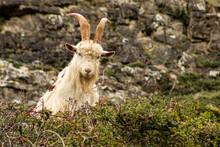 Cashmere Goat On The Great Orme, Llandudno, North Wales, UK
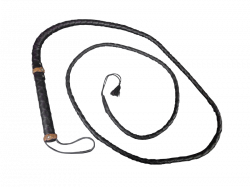 Whip PNG images free download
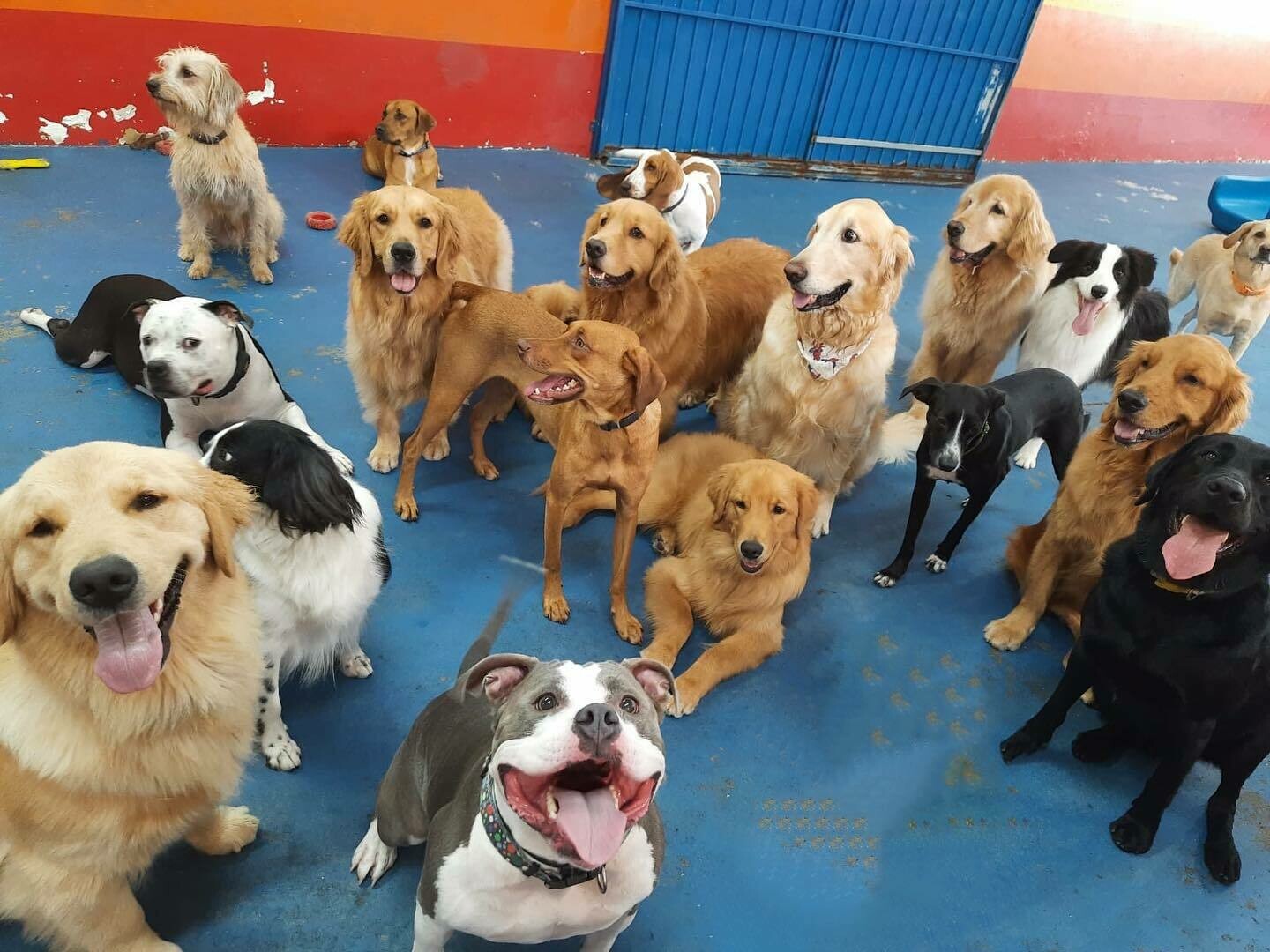 PATRULHA DOS CÃES, Moóca PATRULHA DOS CÃES, Moóca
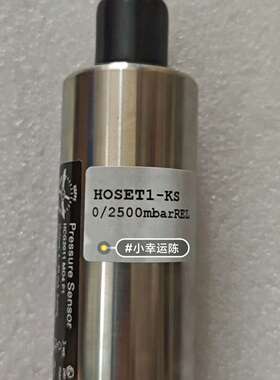 HOPPE 压载探头Hoset1--kS 0/2500mb，
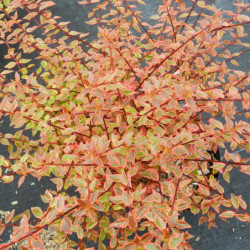 Abelia × grandiflora ‘Sunshine Daydream‘ Abelops’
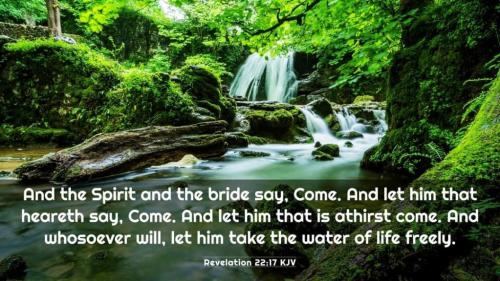 c1d71271-6090-4041-92a5-082c52bd3836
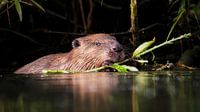 Bever etend van een wilg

+ + + +

- _Work request_: All of the entries above should be copied exactly, except for the pictures.

- _Solution to the problem_:
 Cashmere Goat On The Great Orme, Llandudno, North Wales, UK
 Whip PNG images free download
 PATRULHA DOS CÃES, Moóca PATRULHA DOS CÃES, Moóca
 HOPPE 压载探头Hoset1--kS 0/2500mb，
 Abelia × grandiflora ‘Sunshine Daydream‘ Abelops’
 c1d71271-6090-4041-92a5-082c52bd3836
 Bever etend van een wilg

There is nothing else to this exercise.